The Denali Commission’s corrupt inception, ineffective existence, spastic death throes and eventual salvation at the hands of the president is more than just a metaphor for government run amuck: It also happens to perfectly encapsulate what the fight over global warming has morphed into—an all-encompassing excuse for the expansion of government.
The commission was itself the product of an earlier era, when the chairmen of appropriations committees could create and fund dubious home-state projects in election years. The ostensible purpose of the Denali Commission was to help isolated Alaskan communities--possibly a worthy mission, although why it would be a federal rather than a state-sponsored mission is a mystery to me, given Alaska’s abundant oil wealth and the tenth amendment. (But I digress.)
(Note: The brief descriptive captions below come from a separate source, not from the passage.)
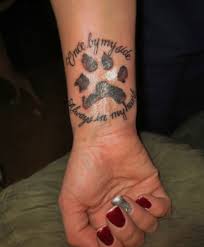 Dog paw print tattoo with flowers. 40 Paw Print Flower Tattoo Ideas Pawprint Tattoo Paw Tattoo Tattoos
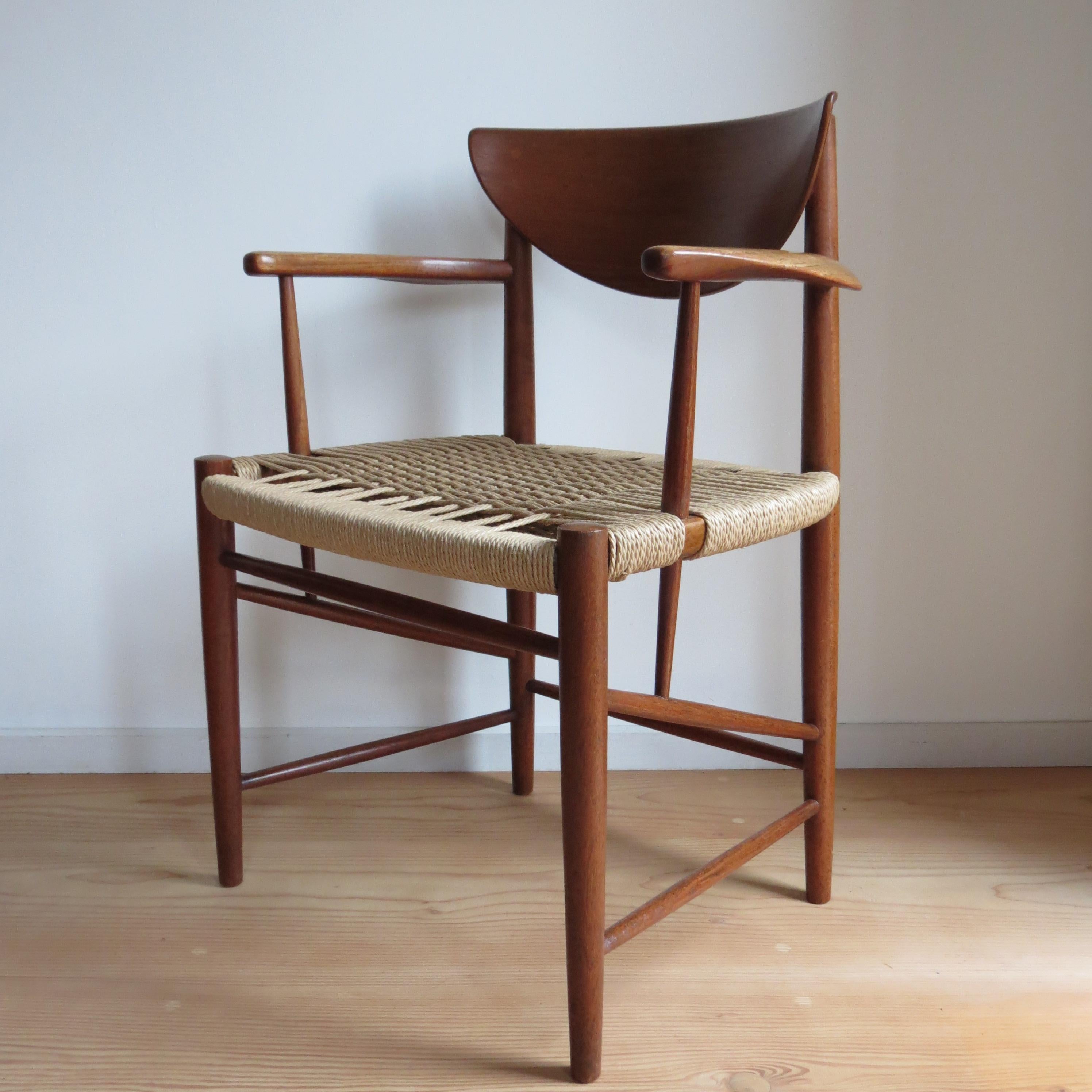 Original Danish chair designed by Peter Hvidt and Orla Molgaard-Nielsen for Soborg Mobelfabrik, Denmark. Model Number 317. Originally designed in 1956, this is an early edition. Made from solid Teak frame, newly recorded seat using a Japanese style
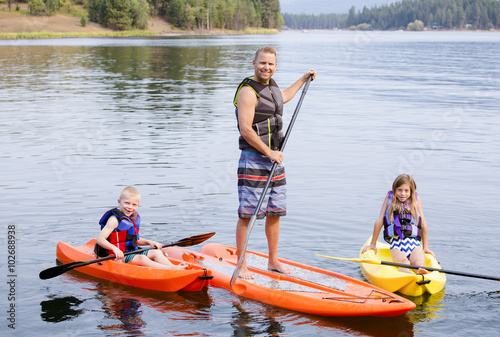 Attractive family kayaking and paddle boarding together on a beautiful lake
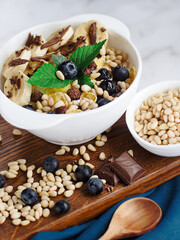 Useful breakfast. Fruit salad with banana, pine nuts, blueberries, chocolate and corn flakes. Fitness recipe for healthy balanced breakfast. Still life. Top view.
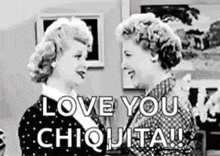 a black and white photo of two women standing next to each other and saying `` love you chiquita '' .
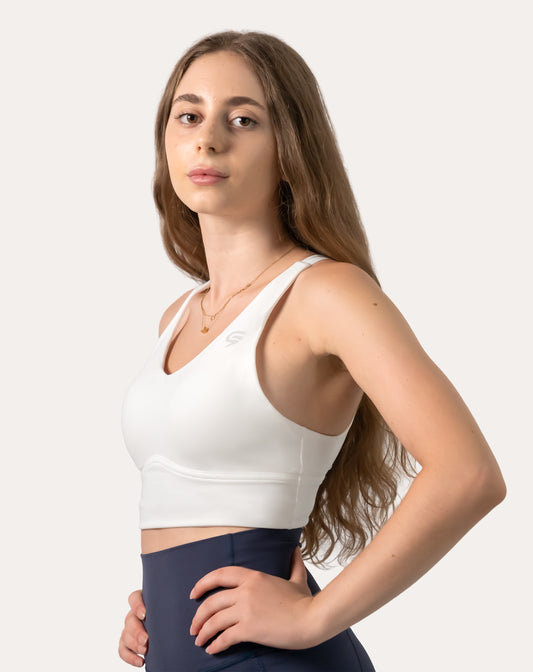 White backless sports bra with crisscross straps and V-neck, front three-quarter close-up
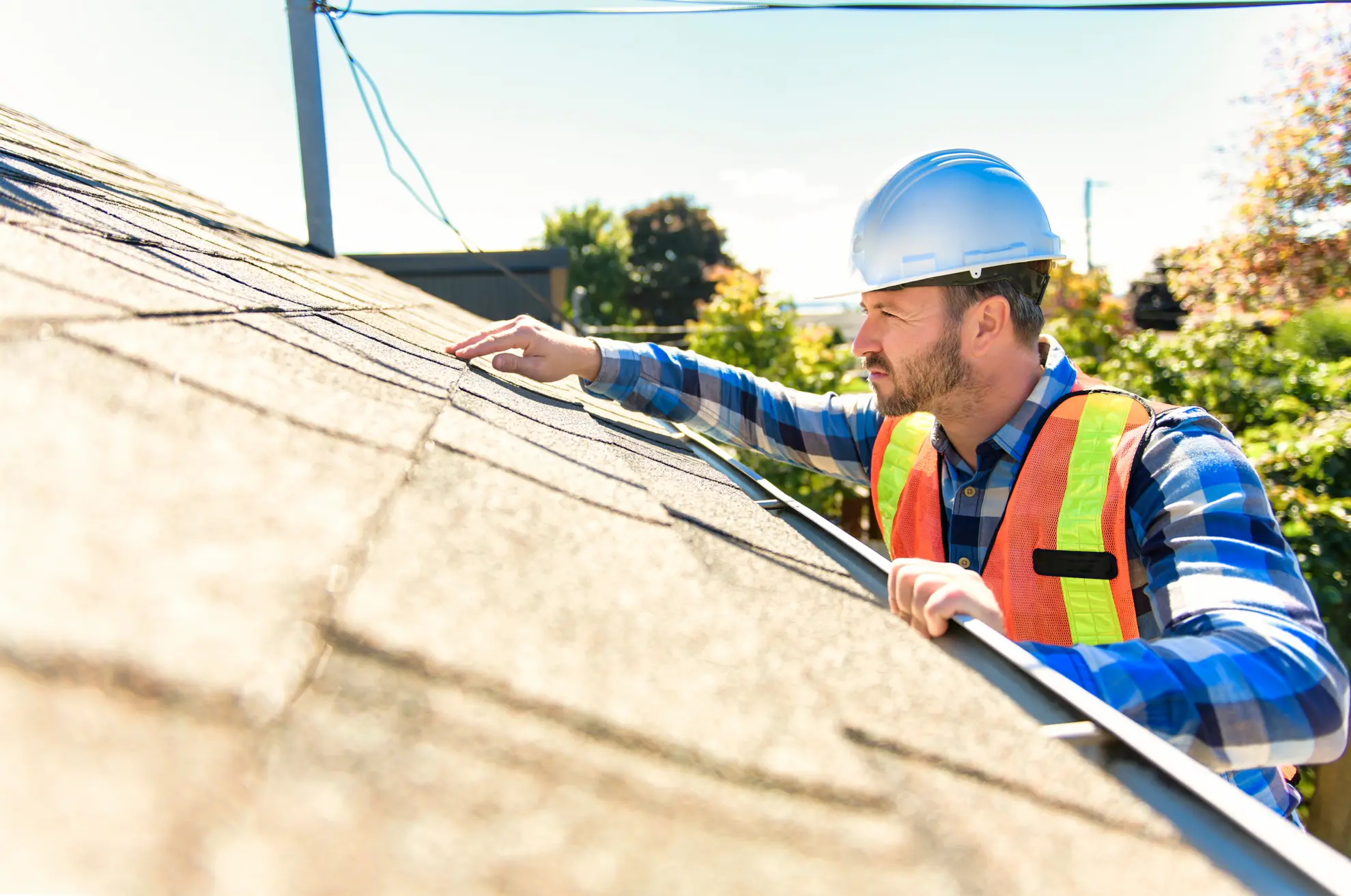 Roofing professional inspecting asphalt shingles on a residential roof.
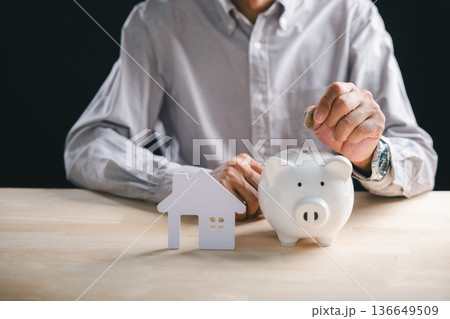 Estate property investment concept, person carefully saving money for future home ownership, placing coin in white piggy bank, showing financial planning for real house dream 136649509
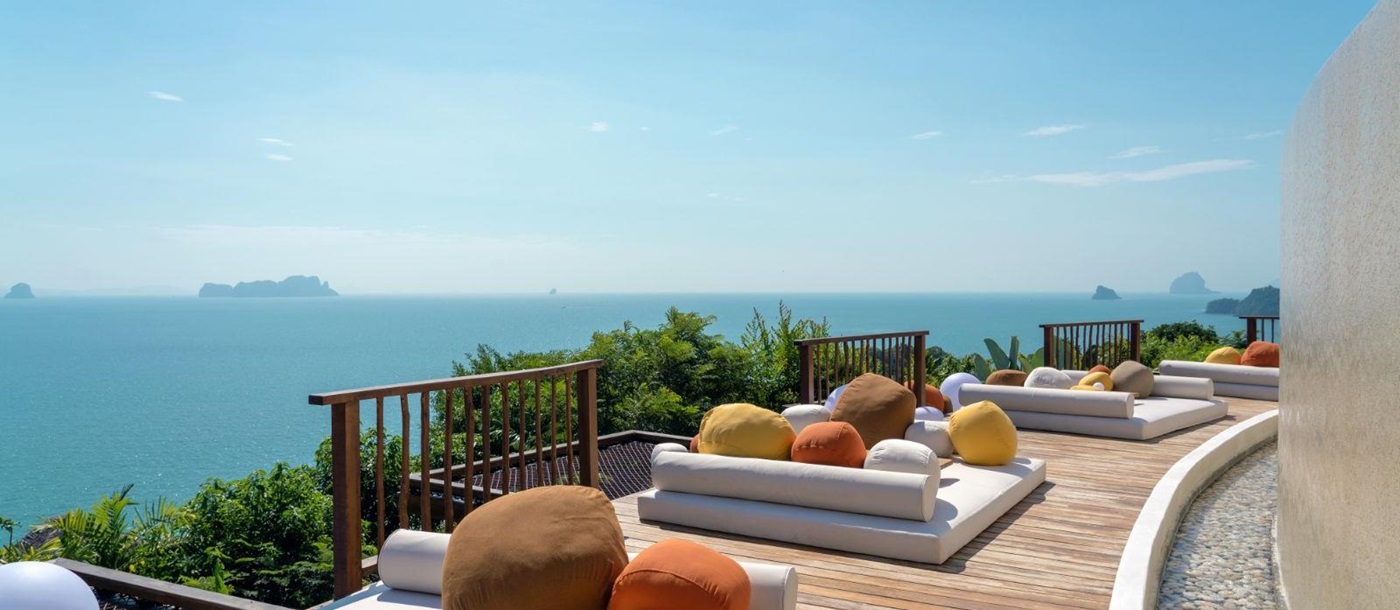 Lower pool deck overlooking the ocean  at luxury resort Six Senses Yao Noi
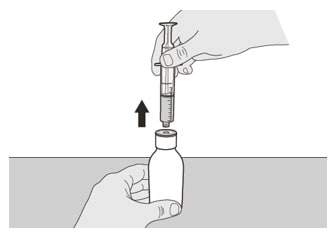 Continue to hold the plunger in place to keep the plunger from moving. Leave the oral syringe in the bottle adapter and turn the bottle to an upright position. Place the bottle onto a flat surface. Remove the oral syringe from the bottle adapter by gently pulling straight up on the oral syringe while holding the plunger in place.image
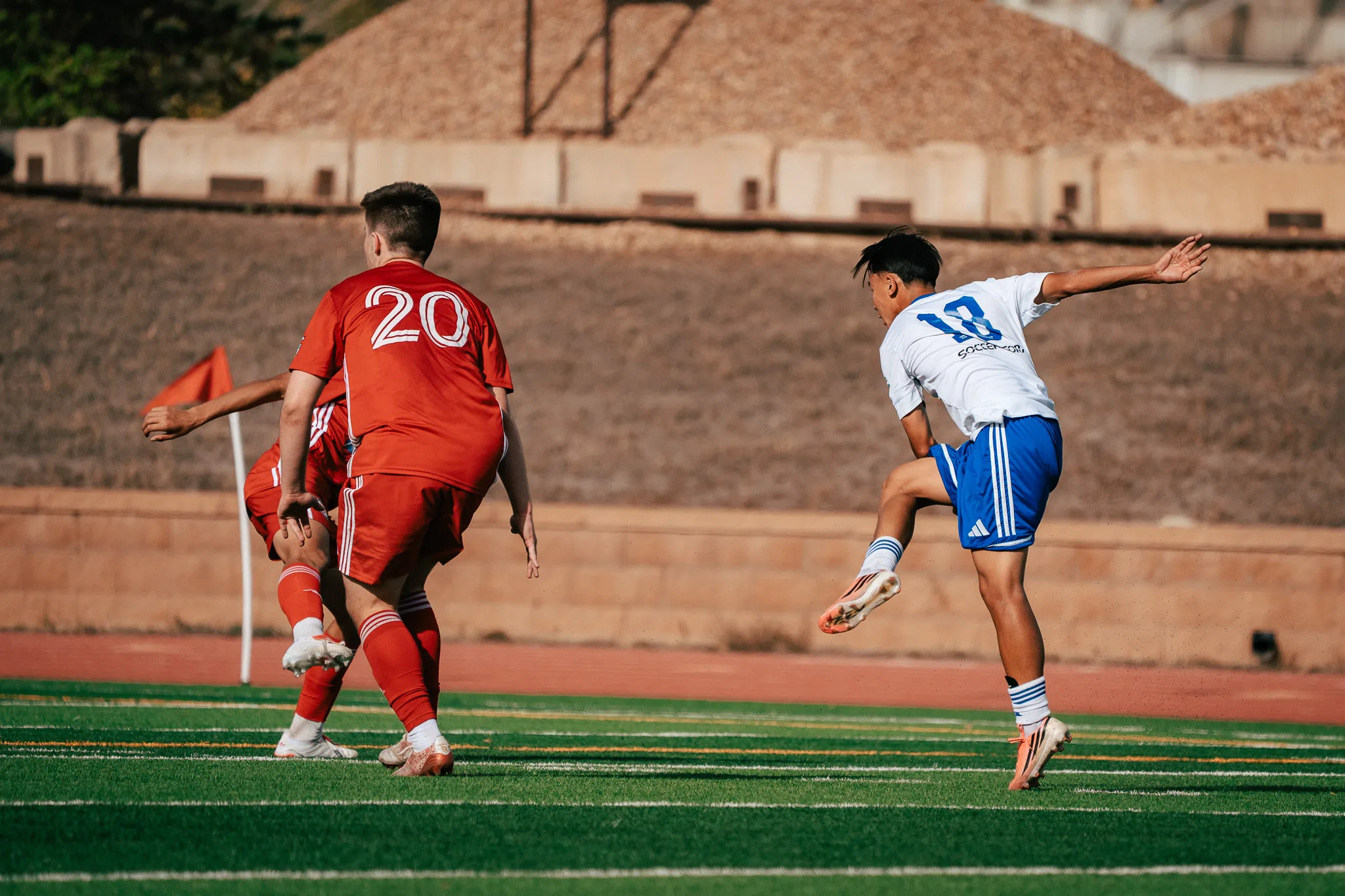 Albion SC Colorado number 18 swings through a kick in the air near the corner flag as AC River number 20 and a teammate turn away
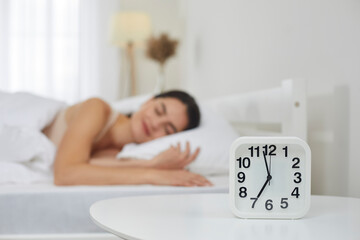 Close up of white plastic alarm clock set for 7 AM on bedside table in bedroom, with happy peaceful...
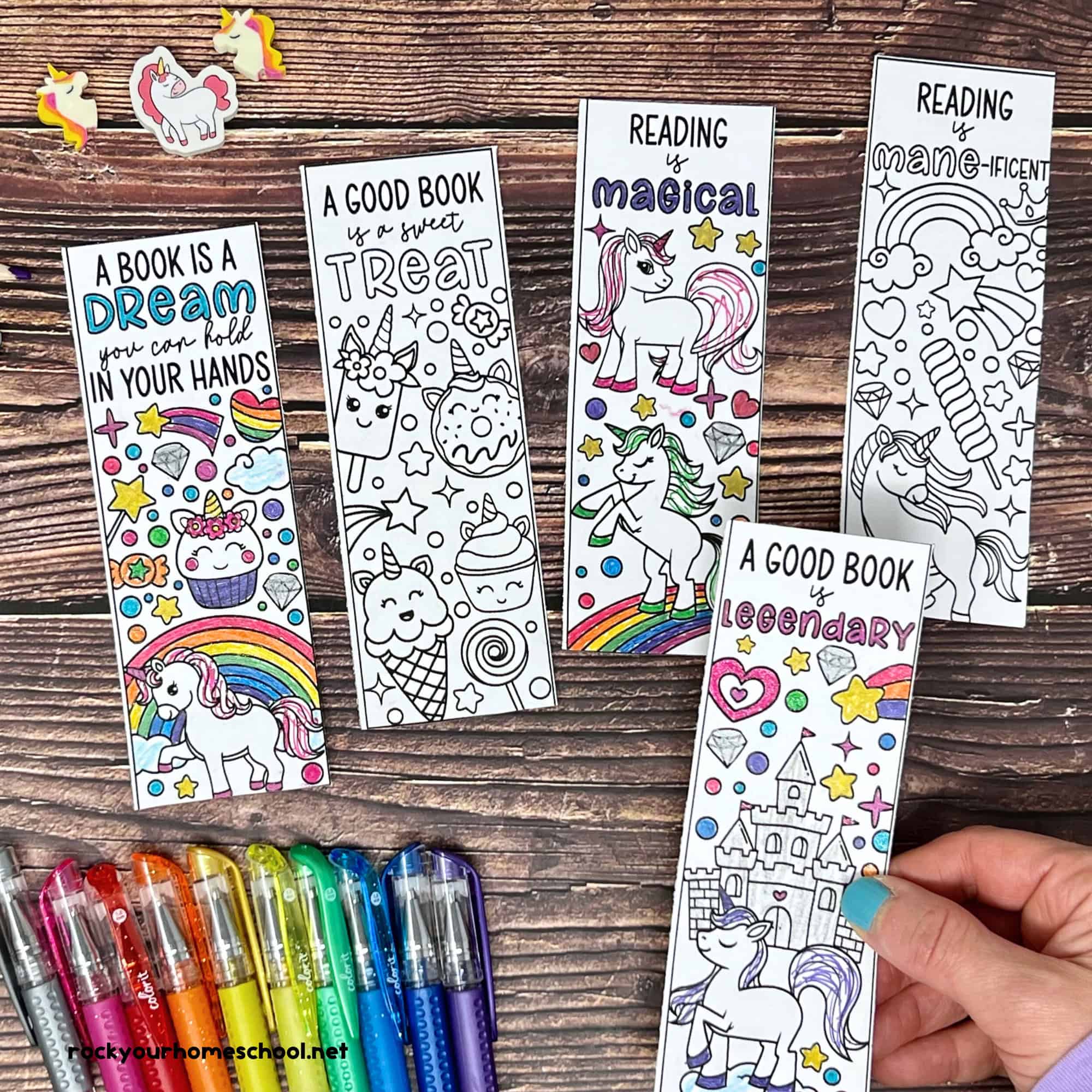 Woman with examples of free printable unicorn bookmarks to color with gel pens.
It turns out that the commission was completely ineffective, so much so that its own inspector general concluded that it should be abolished, a sentiment with which the General Accountability Office concurred. In 2011, the newly Republican Congress seemed inclined to put it out of its existence, especially after imposing a ban on earmarks, but the state’s congressional delegation kept it alive on life support.
The delegation’s machinations appear to have paid off. The administration announced during the president’s visit to Alaska last week that the Denali Commission will be repurposed to help small communities adjust to the impact that climate change will have on their economy and way of life.
It’s a deft move politically, as it gives three Republicans in Congress a reason to pay lip service to the dangers of climate change. Given the pittance the Denali Commission will cost, the president may have struck a bargain. Climate change has become the be-all and end-all for many Democrats and nearly all environmentalists, the lens through which they see every policy debate.
Stymied at the federal level, the liberal war on climate change will likely bring about a lot more repurposing of agencies, additional action at the state and local level, and--most importantly—further action from the EPA, which has already been given a lot of leeway by the courts to treat CO2 as a pollutant under the Clean Air Act, allowing it to impose regulations to mitigate its rise.
The conservative answer to this war on multiple fronts has been to just say no and refuse to engage on the matter. That’s a nihilistic response. The climate change car is out of the barn and driving down the road.
Let me suggest another path.
A comprehensive tax reform that uses revenues from a carbon tax to reduce other, more harmful taxes and engenders a modicum of relief from further regulatory chicanery would be an unmitigated win for conservatives, and the planet. A carbon tax is less bad than the income tax, especially in a world where both small businesses and the working poor face effective marginal tax rates in excess of 50% and where the U.S. corporate tax rate is amongst the highest in the world.
The honest response to this (besides that tax economists see tax reform as an answer to everything) is that there’s no way to ensure that the environmental left will back down from further administrative measures if they were given a carbon tax. Fair enough—we will never get the left to drop current EPA greenhouse gas regulations for a carbon tax—but it will be much more difficult for them to win the support of voters for additional, costly actions when everyone’s already paying more to drive or heat their home to fight climate change, and if it helps us to kill a few Denali Commissions along the way, or potentially rein in future EPA actions, so much the better.